Paper 2 likely has higher scientific impact because it introduces a large, multilingual benchmark plus a multi-metric evaluation framework that can become a community standard for assessing programmatic spatial-temporal reasoning—broadly useful across LLM code generation, vision-language, graphics, and evaluation research. The “Execution-Spatial Gap” is a clear, general diagnostic finding that can redirect research priorities. Paper 1 is novel and relevant for multi-task unlearning, but its scope is narrower (specific to unlearning in shared-backbone multi-task models) and may impact a smaller set of downstream applications.

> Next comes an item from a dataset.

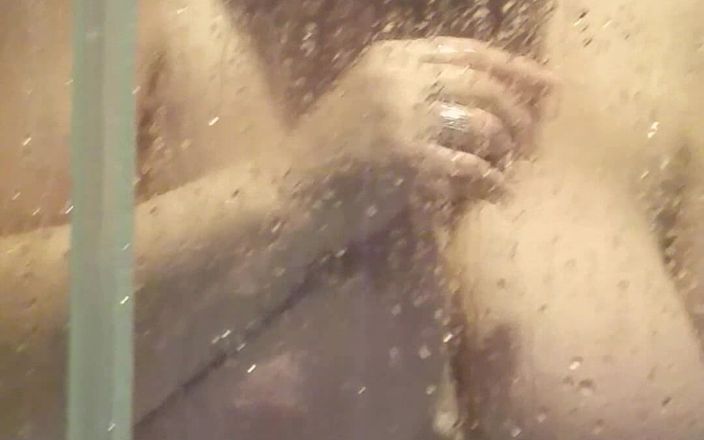 Julie Kinky Cunningham: Oglądanie prysznica Tom View po gang bang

vs. Robotics-Inspired Guardrails for Foundation Models in Socially Sensitive Domains

gemini-3.15/20/2026

Paper 2 offers a highly novel, cross-disciplinary approach by applying robotics control theory to LLM safety, shifting the paradigm from static output filtering to dynamic interaction trajectory control. Its application in highly sensitive, real-world domains like autism therapy and school de-escalation demonstrates exceptional potential for broad societal and scientific impact. While Paper 1 provides a valuable large-scale benchmark for programmatic video generation, Paper 2 tackles a more urgent, generalized bottleneck in AI safety with rigorous, real-world validation and broader interdisciplinary relevance.